Fourteenth Amendment
One of the so-called "Civil War Amendments" to the Constitution in that it was ratified after the Civil War; protects all persons from state laws that attempt to deprive them of "life, liberty or property, without due process of law," or that attempt to deny them equal protection of the laws. The amendment has been used to extend the protection of almost all of the provisions of the Bill of Rights to citizens of every state.
Franchise
1. A special privilege that is conferred by the government upon individuals and that does not of common right belong to the citizens of the country. For example, a municipality may grant to a local bus company a franchise that will give it sole authority to operate buses in the municipality for a certain number of years. 2. The right given to a private person or corporation to market anothers product within a certain area. 3. Elective franchise (sometimes called simply "the franchise") refers to the right of citizen in public elections.
Fraud
Intentional deception resulting in injury to another. Fraud usually consists of a misrepresentation, concealment or nondisclosure of a material fact, or at least misleading conduct, devices or contrivance.
Free And Clear
Unencumbered. In property law, a title is free and clear if it is not encumbered by any liens or restrictions.
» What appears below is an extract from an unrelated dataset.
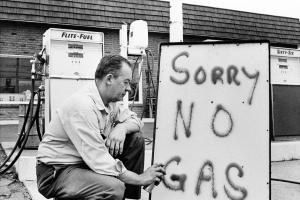 Riyadh, 1973: The Great Energy Shock and Unravelling of the West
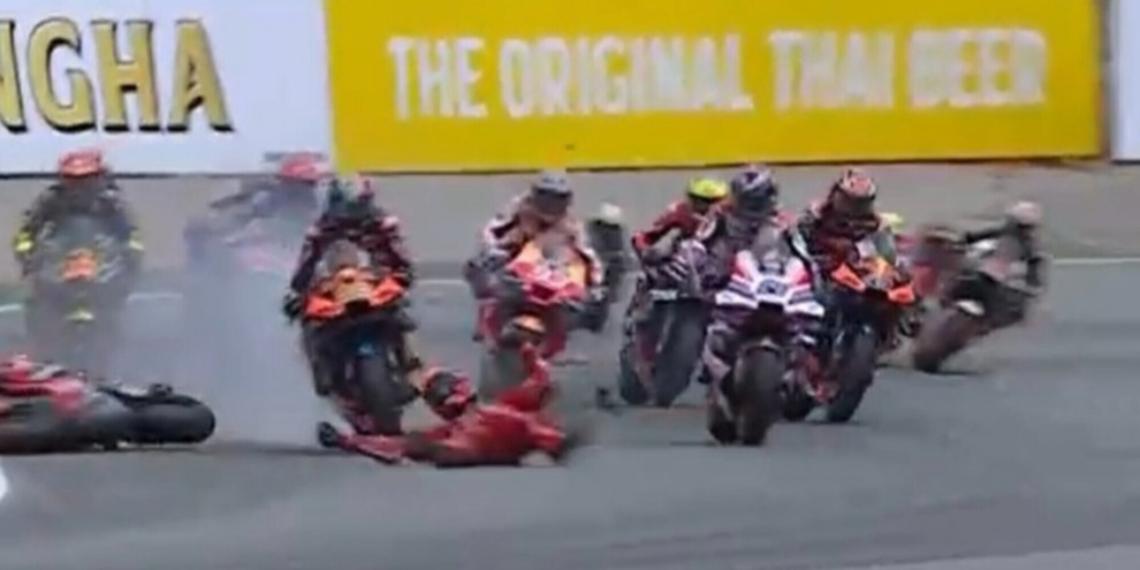 Francesco Pecco Bagnaia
Freedom Of Information Act
A federal law requiring that, with specified exceptions, documents and materials generated or held by federal agencies be made available to the public and establishing guidelines for their disclosure.
Friend Of The Court
A qualified person who is not a party to the action but gives information to the court on a question of the law. The function of this person is to call attention to some information that might escape the courts attention. ("Friend of the court" is often referred to by the Latin term amicus curiae)
Full Faith And Credit
The federal constitutional requirement that the public acts, records and judicial proceedings of one state be respected by each of the other states. Thus, if a judgment is conclusive in the state where it was pronounced, it is equally beyond dispute everywhere in the courts of the United States. The judgment is entitled to full faith and credit when the second courts inquiry discloses that the same questions were properly before the first court and were fully and fairly litigated and finally decided there.